By Suhana Limbu, Associate Culture Editor
When I began planning this article, I asked my British-Nepalese peers a simple question: “What do you think of when I say ‘literature’?” They answered profusely. They recited writers, novels, and poems, but they were all Western-centred. Once I asked what comes to mind when I say “Nepalese literature”, I was met with a pause. After a moment of struggle, they admitted to their limited knowledge; many of their answers connoted ideas of ancient folklore, religion, and lost literature.
The phrase “lost literature” particularly gripped me. In recent years, there’s been a clear rising interest in Asian culture. Although seeing this representation heartens me, I’ve noticed that there’s no presence of Nepalese literature––how have we come to “lose” it?
I decided to ask my parents what they thought about Nepalese literature. Born in the 1970s, they’ve seen many versions of Nepal, yet their knowledge of its literature was also sparse. However, while my restricted knowledge and my peers’ is caused by the overshadowing privilege of British education, my parents are restricted by a neglected education system. Nonetheless, they both shared one idea: Nepalese literature examines how identity has been profoundly shaped by the country’s history, culture, and politics.

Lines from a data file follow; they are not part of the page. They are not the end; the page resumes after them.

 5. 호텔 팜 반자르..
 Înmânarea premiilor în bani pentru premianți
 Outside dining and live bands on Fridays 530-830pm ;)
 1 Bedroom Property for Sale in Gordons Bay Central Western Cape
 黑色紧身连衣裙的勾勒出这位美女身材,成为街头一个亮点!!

I began to look into the development of modern Nepalese literature. Throughout the nineteenth century, the British’s recruitment of Nepalese soldiers into their Indian armies, alongside a collective desire for opportunity, caused an increase in migration to India. Therefore, any Nepalese-language intellectual activity was displaced into cities in India. It’s these moments in history that can connect the deprivations of Nepal’s poor economic prospects and political instability, to the halted development of a premature, modern Nepalese literature. This causality birthed fear of the country losing its identity.
However, this fear sparked a literary movement during the 1920s and 1930s, formed by groups of high-caste, male Nepalese intellectuals living in Indian cities. They retaliated against literary elitism which valued only classical Sanskrit forms and the stigma that Nepalese language is a low-class vernacular. Amidst this disparity, Nepal had also subjected itself to a prejudicial caste system since the 14th century. Nepalese intellectuals were concerned with this amalgamation of division, and aimed to shape literary forms into a vessel through which jāti (a direct translation to ‘type’, referring to one’s birth-caste) could be carried into a single national identity.

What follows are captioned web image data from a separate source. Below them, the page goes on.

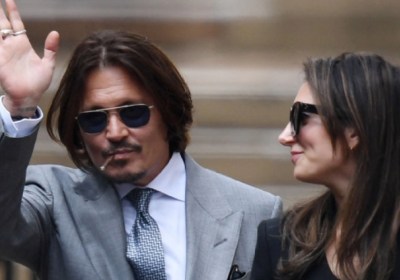 Johnny Depp en una relación con su abogada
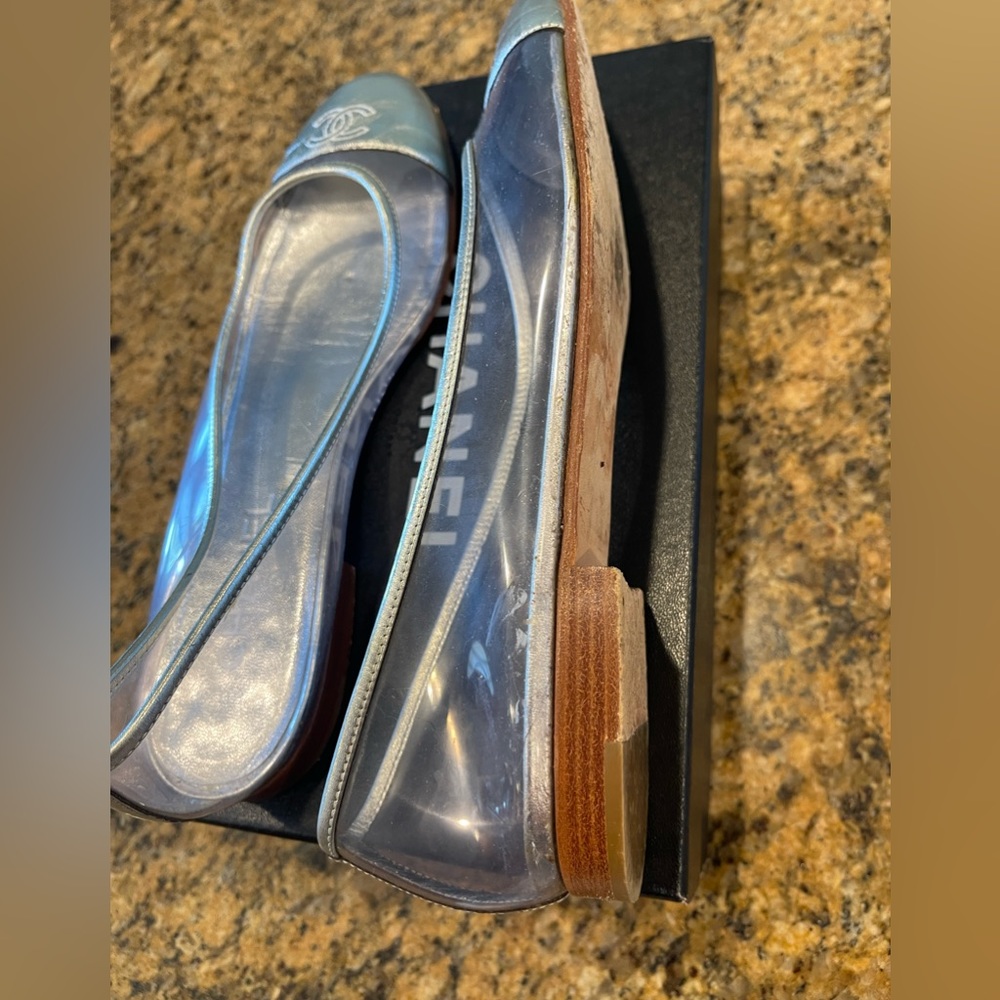 CHANEL Metallic Silver Blue Cap-Toe Jelly Flats - Picture 2 of 8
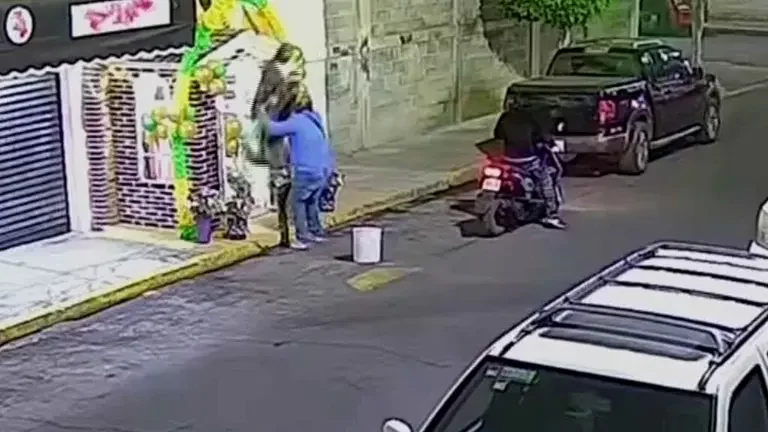 Motociclista roba figura gigante de San Judas en su día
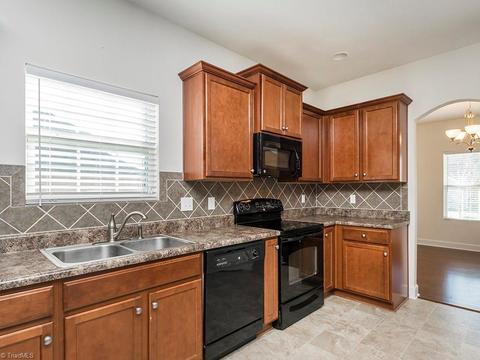 2538 Covington Loop, Graham, NC 27253 photo 4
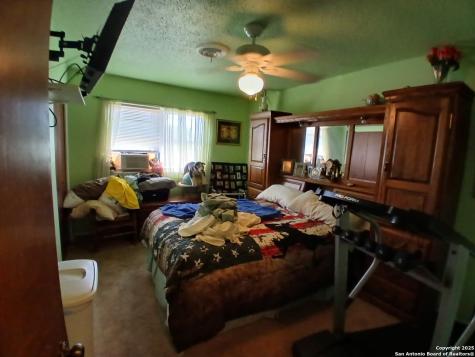 706 Thomaston River Road Cuero TX 77954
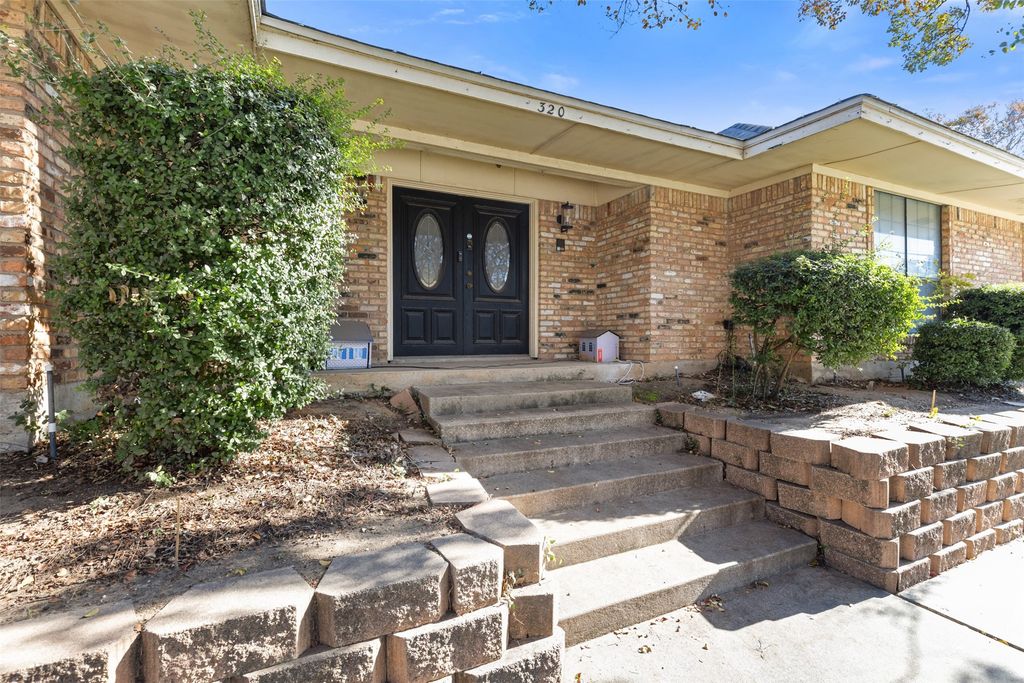 320 S Irving Heights Drive, Irving, TX 75060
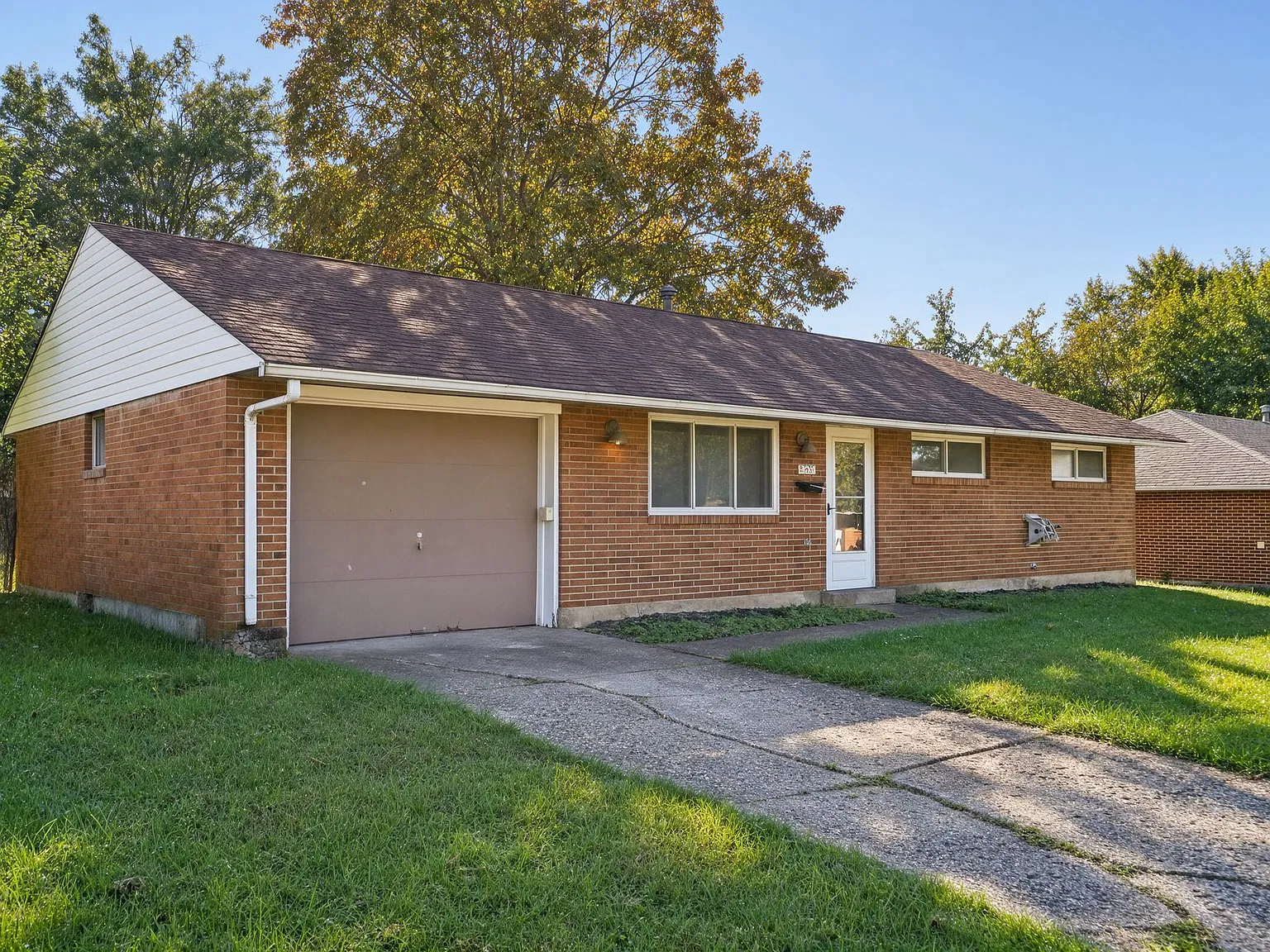 3 bed, 1100 sqft, $1,499 — Photo 1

One of the earliest works, which adopted this idea of jāti, is Laxmi Prasad Devkota’s 1936 poem, Munā Madan. In this episodic tragedy, we follow two lovers, Madan, who ventures to Lhasa in search of fortune, while Muna succumbs fatally to her broken heart. Written in Nepalese colloquial vernacular (the Jhyāure poetic meter), Devkota proudly subverts the classical Sanskrit form. It’s also where he writes the famed line, “मनिस ठुलो दिले हुन्छ, जातले हुँदैन ।” –– ‘A man’s greatness is determined by his heart, not by his caste’.
Nepal’s literary culture had been reborn into a movement against social and political injustices. Devkota’s critique of the caste system is only one of many. In modern times, Nepalese literature has expanded beyond the elite, and everyday voices are able to express their honest pessimism and marginalisation caused by Nepal’s lacking prospects. My father also felt this shift. He recalled experiencing caste discrimination as a child, and witnessed the system’s abolishment in 1963. He also remembered how, during the 1990s, many Nepalese writers were censored from criticising their then-monarchy.

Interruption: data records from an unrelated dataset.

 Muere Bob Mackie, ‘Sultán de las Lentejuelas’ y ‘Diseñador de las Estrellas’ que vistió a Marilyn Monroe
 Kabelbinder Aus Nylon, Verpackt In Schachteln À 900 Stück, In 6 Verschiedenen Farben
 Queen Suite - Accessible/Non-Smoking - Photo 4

My parents came of age as their country transitioned from a monarchy, enduring a decade-long civil war and the 2001 Royal Massacre, before its establishment as a Federal Democratic Republic. And, most recently, they’ve witnessed a national upheaval: Nepal’s ‘Gen Z’ protests. For them, Nepalese literature isn’t frozen in an ancient past; rather, it is a constantly transforming current that swims through the country’s political history they’ve lived. It has a purpose, and it’s rich.
During this process, I had to admit to my own ignorance and dissect the complexities within my British-Nepalese identity. Because of this, the final question I asked my father was if he felt disappointed that I didn’t have a connection to Nepalese literature when, in its place, I’m pursuing an English literature degree.
He answered with a firmness absent in previous questions: “Never”.